• _Problem_:
The line holding "Dentist using a" and all lines that follow it to the end of the data: return these exactly, and nothing more.

Extracted entries Block Start

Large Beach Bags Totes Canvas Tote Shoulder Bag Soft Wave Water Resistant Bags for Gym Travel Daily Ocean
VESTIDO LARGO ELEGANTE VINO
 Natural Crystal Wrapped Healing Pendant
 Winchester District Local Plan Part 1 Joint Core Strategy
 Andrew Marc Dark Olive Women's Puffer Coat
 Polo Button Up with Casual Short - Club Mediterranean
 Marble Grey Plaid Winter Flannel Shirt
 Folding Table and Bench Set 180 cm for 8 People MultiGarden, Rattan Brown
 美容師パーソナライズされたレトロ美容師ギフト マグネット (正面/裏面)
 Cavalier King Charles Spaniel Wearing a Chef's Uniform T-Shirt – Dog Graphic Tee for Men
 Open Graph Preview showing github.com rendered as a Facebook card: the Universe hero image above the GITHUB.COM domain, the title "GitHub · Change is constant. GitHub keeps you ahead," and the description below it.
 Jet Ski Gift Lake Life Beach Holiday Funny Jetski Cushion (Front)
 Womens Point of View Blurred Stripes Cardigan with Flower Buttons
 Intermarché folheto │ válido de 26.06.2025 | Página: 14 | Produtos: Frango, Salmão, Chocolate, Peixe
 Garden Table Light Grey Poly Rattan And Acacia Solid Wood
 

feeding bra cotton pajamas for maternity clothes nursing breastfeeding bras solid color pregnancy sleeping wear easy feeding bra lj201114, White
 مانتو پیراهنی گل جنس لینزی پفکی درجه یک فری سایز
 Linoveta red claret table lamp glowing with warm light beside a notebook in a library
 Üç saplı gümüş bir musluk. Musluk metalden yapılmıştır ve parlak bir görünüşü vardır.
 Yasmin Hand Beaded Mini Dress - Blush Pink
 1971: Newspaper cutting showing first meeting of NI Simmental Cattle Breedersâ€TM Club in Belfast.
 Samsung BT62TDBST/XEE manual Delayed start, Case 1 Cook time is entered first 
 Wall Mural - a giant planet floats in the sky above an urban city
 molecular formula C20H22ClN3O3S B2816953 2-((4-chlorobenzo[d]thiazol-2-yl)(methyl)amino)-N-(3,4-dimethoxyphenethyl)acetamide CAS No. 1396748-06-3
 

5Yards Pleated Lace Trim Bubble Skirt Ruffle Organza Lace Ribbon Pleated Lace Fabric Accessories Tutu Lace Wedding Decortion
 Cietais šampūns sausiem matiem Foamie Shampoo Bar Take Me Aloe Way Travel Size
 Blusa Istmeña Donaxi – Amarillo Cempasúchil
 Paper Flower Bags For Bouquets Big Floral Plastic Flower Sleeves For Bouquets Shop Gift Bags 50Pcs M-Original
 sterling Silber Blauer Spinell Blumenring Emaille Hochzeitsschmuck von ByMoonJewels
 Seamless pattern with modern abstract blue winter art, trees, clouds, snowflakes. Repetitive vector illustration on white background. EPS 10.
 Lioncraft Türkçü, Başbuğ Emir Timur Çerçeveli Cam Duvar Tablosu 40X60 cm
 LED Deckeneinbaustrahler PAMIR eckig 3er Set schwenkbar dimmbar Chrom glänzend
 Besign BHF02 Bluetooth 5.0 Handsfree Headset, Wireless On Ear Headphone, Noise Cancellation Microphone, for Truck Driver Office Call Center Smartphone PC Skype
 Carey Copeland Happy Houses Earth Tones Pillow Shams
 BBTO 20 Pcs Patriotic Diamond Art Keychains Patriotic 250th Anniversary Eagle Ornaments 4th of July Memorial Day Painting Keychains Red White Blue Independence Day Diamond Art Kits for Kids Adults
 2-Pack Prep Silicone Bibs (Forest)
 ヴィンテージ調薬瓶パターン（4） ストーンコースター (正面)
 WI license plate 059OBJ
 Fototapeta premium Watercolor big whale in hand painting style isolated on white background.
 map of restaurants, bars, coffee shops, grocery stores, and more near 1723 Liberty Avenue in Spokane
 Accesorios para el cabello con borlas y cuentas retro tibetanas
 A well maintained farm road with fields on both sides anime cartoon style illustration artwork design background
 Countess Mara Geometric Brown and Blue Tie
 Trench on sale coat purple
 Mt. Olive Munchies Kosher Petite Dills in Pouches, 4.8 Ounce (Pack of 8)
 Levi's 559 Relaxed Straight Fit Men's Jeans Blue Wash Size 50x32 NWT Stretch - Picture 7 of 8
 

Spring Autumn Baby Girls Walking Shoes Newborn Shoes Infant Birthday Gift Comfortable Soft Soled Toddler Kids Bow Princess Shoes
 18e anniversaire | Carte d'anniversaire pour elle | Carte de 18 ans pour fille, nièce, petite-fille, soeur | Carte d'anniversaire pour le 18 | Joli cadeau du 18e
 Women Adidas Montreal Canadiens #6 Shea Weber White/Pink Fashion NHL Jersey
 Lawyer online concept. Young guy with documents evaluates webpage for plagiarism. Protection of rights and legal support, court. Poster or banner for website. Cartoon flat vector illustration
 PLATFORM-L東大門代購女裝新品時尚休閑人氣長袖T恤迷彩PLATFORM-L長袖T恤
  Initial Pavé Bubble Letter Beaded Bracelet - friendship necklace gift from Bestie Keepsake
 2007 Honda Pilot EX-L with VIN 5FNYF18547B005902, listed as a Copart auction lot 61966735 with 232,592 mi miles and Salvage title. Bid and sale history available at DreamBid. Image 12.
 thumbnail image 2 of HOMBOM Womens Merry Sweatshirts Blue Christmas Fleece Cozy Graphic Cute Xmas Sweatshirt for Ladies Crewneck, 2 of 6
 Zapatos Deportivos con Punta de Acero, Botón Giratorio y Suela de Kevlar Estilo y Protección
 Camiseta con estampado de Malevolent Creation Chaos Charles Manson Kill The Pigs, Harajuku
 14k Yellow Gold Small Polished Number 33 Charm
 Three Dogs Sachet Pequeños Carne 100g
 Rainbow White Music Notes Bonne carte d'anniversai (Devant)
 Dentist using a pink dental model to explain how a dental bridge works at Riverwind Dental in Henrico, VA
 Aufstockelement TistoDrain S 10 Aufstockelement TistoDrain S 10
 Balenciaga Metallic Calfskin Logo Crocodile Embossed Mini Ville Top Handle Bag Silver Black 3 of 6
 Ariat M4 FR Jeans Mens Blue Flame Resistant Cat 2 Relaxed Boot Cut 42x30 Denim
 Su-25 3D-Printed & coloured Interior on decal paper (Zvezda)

Extracted entries Block End

• _Answer space_:
 Dentist using a pink dental model to explain how a dental bridge works at Riverwind Dental in Henrico, VA
 Aufstockelement TistoDrain S 10 Aufstockelement TistoDrain S 10
 Balenciaga Metallic Calfskin Logo Crocodile Embossed Mini Ville Top Handle Bag Silver Black 3 of 6
 Ariat M4 FR Jeans Mens Blue Flame Resistant Cat 2 Relaxed Boot Cut 42x30 Denim
 Su-25 3D-Printed & coloured Interior on decal paper (Zvezda)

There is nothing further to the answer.